Make MoE dispatch/MLP expert-axis batch sharding configurable (fix Mixtral EP throughput)#4179

Open
gulsumgudukbay wants to merge 5 commits into
AI-Hypercomputer:mainfrom
ROCm:fix-moe-expert-parallel-sharding
Open

Make MoE dispatch/MLP expert-axis batch sharding configurable (fix Mixtral EP throughput)#4179
gulsumgudukbay wants to merge 5 commits into
AI-Hypercomputer:mainfrom
ROCm:fix-moe-expert-parallel-sharding

Conversation

@gulsumgudukbay

@gulsumgudukbay gulsumgudukbay commented Jun 16, 2026

Copy link
Copy Markdown
Collaborator

Description

PR #4007 added 'expert' to activation_batch_moe to fix a DeepSeek MoE throughput regression. That change is applied to the post-dispatch core MoE activations (dispatch_axis/mlp_axis) as well, where the tensor's expert dim E is already
sharded via activation_exp.
For models with few large experts (e.g. Mixtral), mapping the batch dim onto 'expert' too double-maps two tensor dims onto one mesh axis, so GSPMD abandons the expert-local layout and falls back to FSDP-style AllGather+ReduceScatter instead of expert-parallel AllToAll, creatiing a large throughput regression under single-node expert parallelism (ici_expert_parallelism=-1).
This PR adds a config flag moe_dispatch_no_expert_sharding (default false) that selects, for the training dispatch/MLP batch axis only, a new activation_batch_no_exp rule (['data','fsdp','fsdp_transpose'], i.e. without 'expert'). Mixtral-8x7b uses it as true.
This is the per-model knob anticipated in the #4007 review discussion (sharding core MoE activations by the expert physical axes rather than the batch dimension), without changing the default for any other model.

Behavior

  • Default false is byte-identical to current main for every model.
  • Only mixtral-8x7b opts in; no other config inherits it.
  • For mixtral-8x7b, the flag only changes sharding when the expert mesh axis size > 1 (expert parallelism active). When expert is size 1 (TPU/FSDP-primary, or non-expert parallelism GPU) the two axis rules are identical, so those paths are unaffected.

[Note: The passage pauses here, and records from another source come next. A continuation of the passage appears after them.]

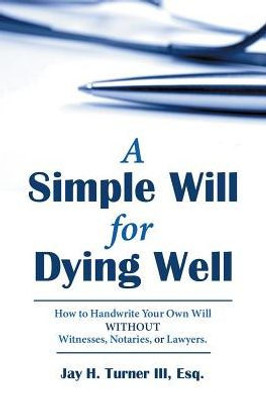 A Simple Will For Dying Well: How To Handwrite Your Own Will Without Witnesses, Notaries, Or Lawyers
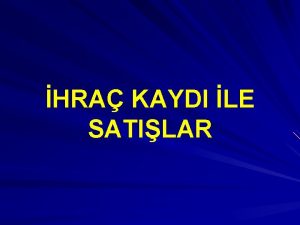 HRA KAYDI LE SATILAR HRA KAYDIYLA SATI A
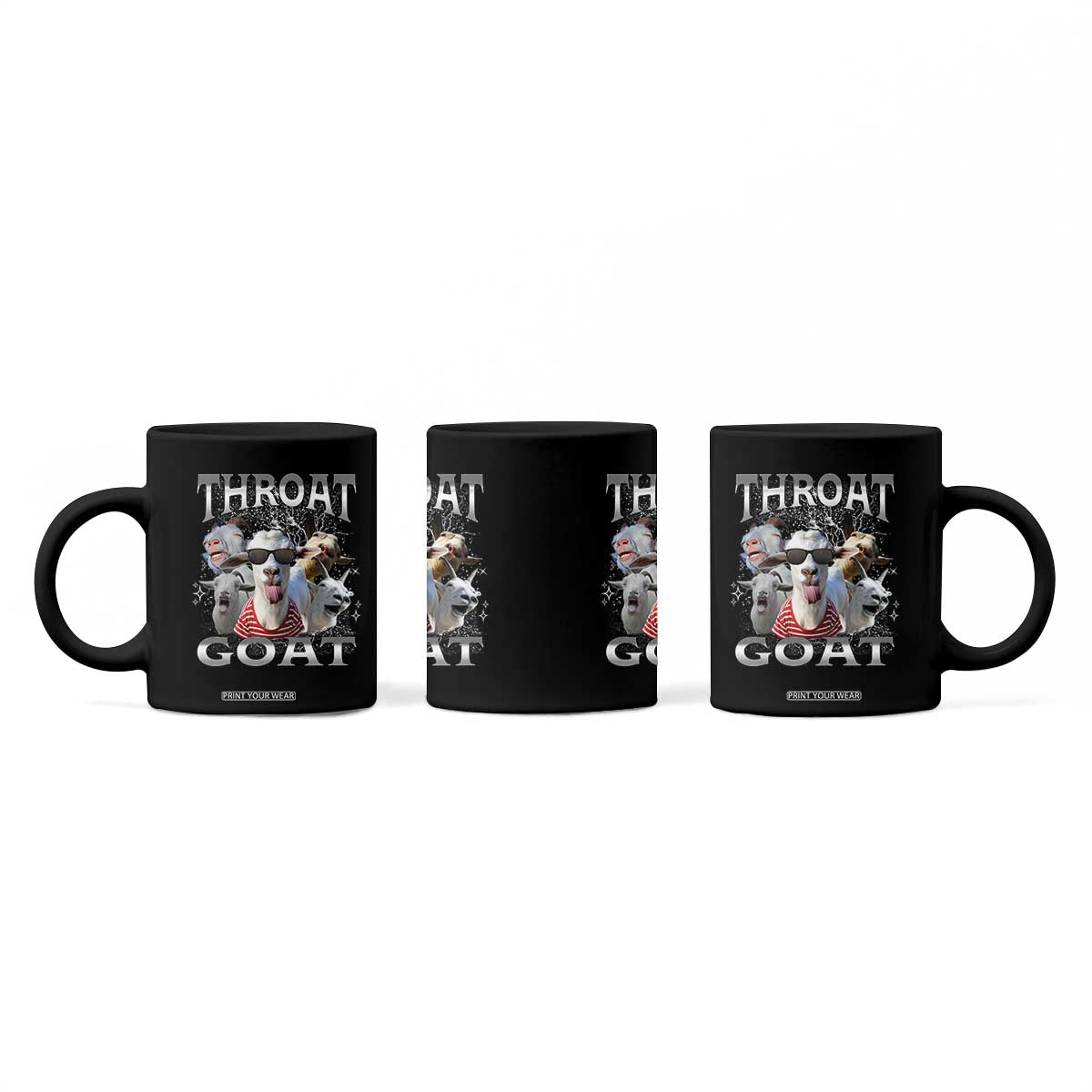 Funny Adult Humor Coffee Mug Throat Goat Meme TS12 Print Your Wear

Scope (why only the training dispatch/MLP axes)

  • mask_axes is intentionally left on activation_batch_moe: switching it too regresses Mixtral bs=11 (~10,900 -> ~8,400 tok/s/device, train-step all-to-all 5 -> 3).
  • The inference-mode dispatch_axis/mlp_axis are left unchanged: the inference path is already expert-parallel with activation_batch_moe (no FSDP fallback) at both prefill (bs=1: all-to-all=290, all-gather=0) and decode (bs=8: all-to-all=193, all-gather=0), so the regression does not occur there. The change is scoped to the training path.

Tests

Measured on 1x MI355X node (8 GPUs), JAX 0.9.1, ici_expert_parallelism=-1, capacity_factor>0:

Model bs tok/s/device (before) tok/s/device (this PR) train-step all-to-all
Mixtral-8x7b 11 ~7,400 ~10,900 0 -> 5
Mixtral-8x7b 6 ~7,500 ~11,400 0 -> 5
DeepSeek-v2-lite-16b 8 ~17,800 ~17,800 (unchanged) 0 (unchanged)

Mixtral recovers ~47% throughput via restored expert-parallel AllToAll; DeepSeek (flag off by default) is unchanged.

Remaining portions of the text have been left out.